И может быть не случайно еще и то, что два, казалось бы, совершенно несхожих характера, в двух, казалось бы, совершенно разных областях русской жизни были явлены нам в одно и то же время. Это – преподобный и вселюбимейший батюшка наш Серафим – в области духовной и церковной и Пушкин – в области светской, культурной, несомненно, душевной, но и… ведь и духовной же тоже. Потому что неправильно будет отнести гений Пушкина к области чисто душевной и культурно-эстетической.
Так вот, если задуматься, что объединяло этих двух великих людей, скорее всего и не встречавшихся даже никогда, но одинаково сильно хоть и по-разному любимых народом – то это будет та самая поэтическая, всетворческая и созидательная энергия, что именуется у нас благодатью Святого Духа. То, о чем, как о цели жизни христианской прямо говорил преподобный старец Серафим.
Сейчас нам его откровение кажется естественным и даже единственно правильным, а ведь не так это было во времена самого отца Серафима. И как Пушкин явлением гения поэтической свободы и легкости и радости – перевернул привычный уклад русского литературного мира, так и отец Серафим, своим молитвенным устремлением и духовным деланием, перевернул, можно сказать, устоявшееся представление о церковной жизни, как о тягостной и необходимо-рутинной, чуть ли не подневольной, работе. И ведь отец Серафим не придумывал ничего, он только освежил в нашей памяти ту простую мысль что подлинно духовная жизнь – это жизнь воистину радостная и отрадная в высшей степени, и легкая паки чаяния.
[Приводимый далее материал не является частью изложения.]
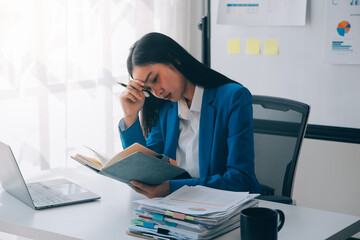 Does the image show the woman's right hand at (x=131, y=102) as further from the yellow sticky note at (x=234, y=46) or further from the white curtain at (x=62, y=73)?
the yellow sticky note at (x=234, y=46)

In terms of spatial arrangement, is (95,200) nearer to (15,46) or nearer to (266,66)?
(15,46)

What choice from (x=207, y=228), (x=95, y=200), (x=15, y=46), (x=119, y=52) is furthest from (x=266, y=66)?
(x=207, y=228)

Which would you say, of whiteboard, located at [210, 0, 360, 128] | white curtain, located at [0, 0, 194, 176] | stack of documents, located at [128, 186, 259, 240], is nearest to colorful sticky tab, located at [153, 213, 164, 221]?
stack of documents, located at [128, 186, 259, 240]

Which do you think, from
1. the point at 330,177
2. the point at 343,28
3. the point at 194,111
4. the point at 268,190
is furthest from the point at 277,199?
the point at 343,28

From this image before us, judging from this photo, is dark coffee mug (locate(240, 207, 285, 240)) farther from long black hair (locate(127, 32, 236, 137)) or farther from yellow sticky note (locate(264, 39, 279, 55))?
yellow sticky note (locate(264, 39, 279, 55))

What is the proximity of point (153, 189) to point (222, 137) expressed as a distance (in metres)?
0.40

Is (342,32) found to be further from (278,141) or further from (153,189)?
(153,189)

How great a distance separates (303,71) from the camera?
2.86 meters

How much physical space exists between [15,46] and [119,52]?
768 mm

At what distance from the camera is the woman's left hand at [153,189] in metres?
1.52

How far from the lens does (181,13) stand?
3.39 m

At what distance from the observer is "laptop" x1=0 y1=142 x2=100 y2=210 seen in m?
1.51

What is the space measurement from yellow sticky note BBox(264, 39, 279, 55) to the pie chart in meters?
0.36

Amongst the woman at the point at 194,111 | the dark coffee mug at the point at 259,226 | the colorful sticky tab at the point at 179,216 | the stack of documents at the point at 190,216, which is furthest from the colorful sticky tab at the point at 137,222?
the woman at the point at 194,111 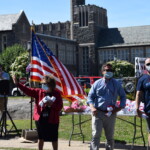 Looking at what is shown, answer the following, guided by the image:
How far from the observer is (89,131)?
39.2ft

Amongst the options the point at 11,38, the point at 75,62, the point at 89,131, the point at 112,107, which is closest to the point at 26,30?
the point at 11,38

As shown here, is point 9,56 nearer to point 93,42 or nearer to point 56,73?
point 93,42

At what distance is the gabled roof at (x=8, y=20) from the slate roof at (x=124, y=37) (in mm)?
16950

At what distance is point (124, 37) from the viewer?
7244 cm

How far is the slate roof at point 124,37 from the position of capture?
2749 inches

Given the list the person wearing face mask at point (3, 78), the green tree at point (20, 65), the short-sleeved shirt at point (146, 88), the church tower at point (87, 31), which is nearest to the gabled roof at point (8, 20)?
the green tree at point (20, 65)

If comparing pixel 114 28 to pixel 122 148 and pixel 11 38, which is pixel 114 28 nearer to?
pixel 11 38

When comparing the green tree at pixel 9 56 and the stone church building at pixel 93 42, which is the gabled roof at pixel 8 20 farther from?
the green tree at pixel 9 56

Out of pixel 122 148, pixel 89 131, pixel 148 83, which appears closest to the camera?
pixel 148 83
Скажут на это: да где же эта радость и отрада и легкость? одна только тягость вокруг и скорби, и трудности. Да, это всё есть, несомненно, и всё это нам надо пережить и перетерпеть, но именно для того, чтобы засвидетельствовать свою верность Высшему Художнику и Поэту – Творцу неба и земли - Богу, чтобы быть и оставаться причастниками Его любви, красоты и радости.
И это вопрос не только воздаяния в вечности, но и то, что происходит с нами сейчас; что пробивается как свет через темные тучи с большей или меньшей силой в нашу жизнь и освещает ее и напоминает о высшей радости, и вдохновляет, и дарует надежду. И кто из верующих посмеет сказать, что этого нет! А если посмеет – то несчастнейший он человек и начать ему нужно с того, чтобы кроме Нового Завета, читать иногда и… Пушкина. Просто потому, что Бог нам его послал не случайно. Чтобы мы не забывали, что подлинно-духовная жизнь – это жизнь поэтическая. И в этом состоит ее непредсказуемая, вечно обновляемая и радостно-творческая сила.
И.К. Айвазовский «Пушкин на берегу Черного моря», 1887.
Ну и в конце расскажу небольшую семейную историю.
Однажды, в начале пятидесятых годов, состоялся откровенный разговор между моей бабушкой и ее тетей, недавно вернувшейся из-за границы, где она прожила двадцать семь лет. И вот бабушка поведала тете обо всех тех ужасах гражданской войны, свидетельницей которых она оказалась здесь, в Крыму; рассказала о том, как потеряла братьев, отца и маму…
Очевидно, рассказ был столь тягостным, что тетя написала в письме своей дочке: «От ужаса я долго не могла уснуть. Успокоил меня только Пушкин».
С Днем рождения, Александр Сергеевич!
Царствие Вам небесное, и радость о Духе Святом!